Monterey Homes Arizona, Inc. v. Federated Mutual Insurance Co. (CA1 2/10/09)

Insurance companies complain that our courts are too hard on them. Once in a while, though, something like this comes along.

Monterey, a home-builder, sued one of its subs, BBP Concrete. Federated insured BBP. Federated denied coverage but defended BBP under a reservation of rights. Eventually, Monterey and BBP decided to resolve disputes they had against each other by agreeing that nobody would pay anything to anybody.

Federated then moved to intervene to pursue a subrogation claim against Monterey, arguing that it should recover the costs and fees it had spent defending BBP because Monterey’s claim was, according to Federated, groundless. The trial court denied intervention, figuring that Federated could bring the subro claim as a separate action; the Court of Appeals reversed and remanded with instructions that require the trial court to allow the intervention.

The court held, first, that the settlement between BBP and Monterey did not bind Federated, even though a subrogee stands in the shoes of the subrogor and even though the Monterey-BBP settlement specifically released the defense costs. The court cited cases from other jurisdictions for the proposition that once the tortfeasor is informed of the subrogation rights, they cannot be released by the insured. This is a novelty to Arizona law; whether the cases cited actually stand for that proposition on these facts is an exercise we leave for the reader.

Next, the court decided what Federated really wanted — even though it had never thought to ask for it — was a reasonableness hearing under USAA v.
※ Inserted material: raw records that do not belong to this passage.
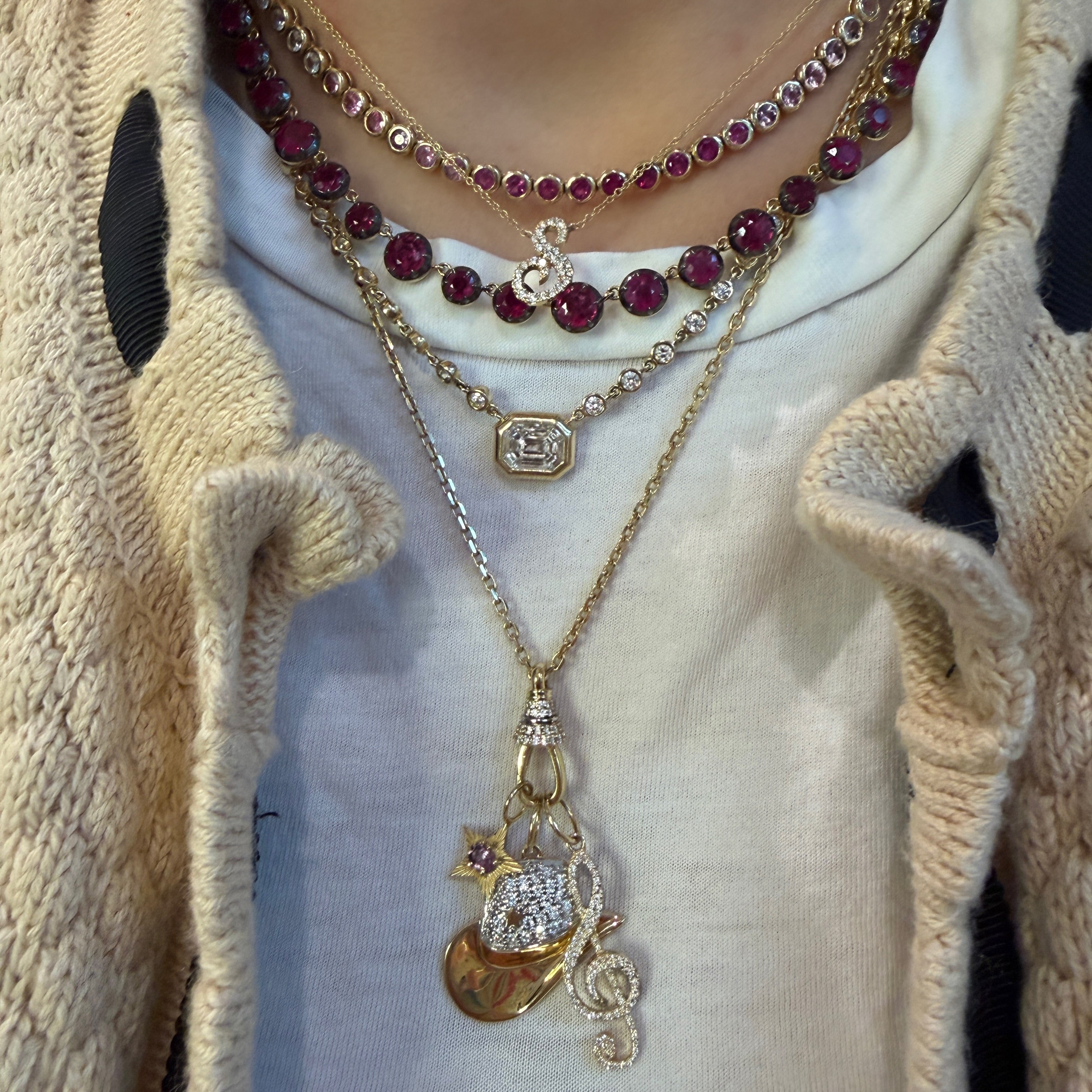 Bezel Set Ombre Pink or Blue Sapphire Tennis Necklace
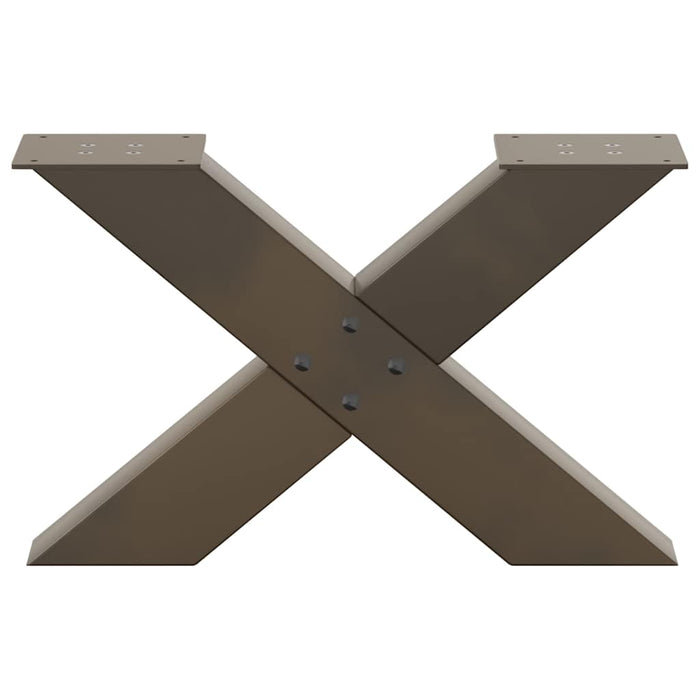 Picioare pentru măsuță de cafea în formă de X, 2 buc., oțel natural, 60 x (30-31) cm WALTI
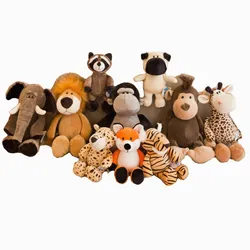 Jungle Animal Stuffed Toys Forest Animals Soft Plush Dog Zebra Elephant Lion Fox Giraffe Kid Playmate Doll Christmas Gifts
Morris, 154 Ariz. 113, and that Morris required that it get one.  (Morris allows the insured to settle a claim without the insurer’s approval when the insurer reserves its rights.) This is true even though the settlement did not result in any additional liability to Federated. At the hearing the burden will be on Monterey to prove, under the court’s new subrogation law, that it did not have notice of the subro claim (which it clearly did according to the facts recited by the court) and/or that, under Morris, the settlement was reasonable. If it fails to prove these things, Federated can proceed with its claim (which will presumably requre proving that Monterey’s claim was meritless).

This of course gives the insurer the best of both worlds. It can deny coverage yet still prevent or manipulate settlement by using the threat of subrogation for defense costs. And this is done under the cover of a case — Morris — that was supposed to prevent it from doing just this sort of thing.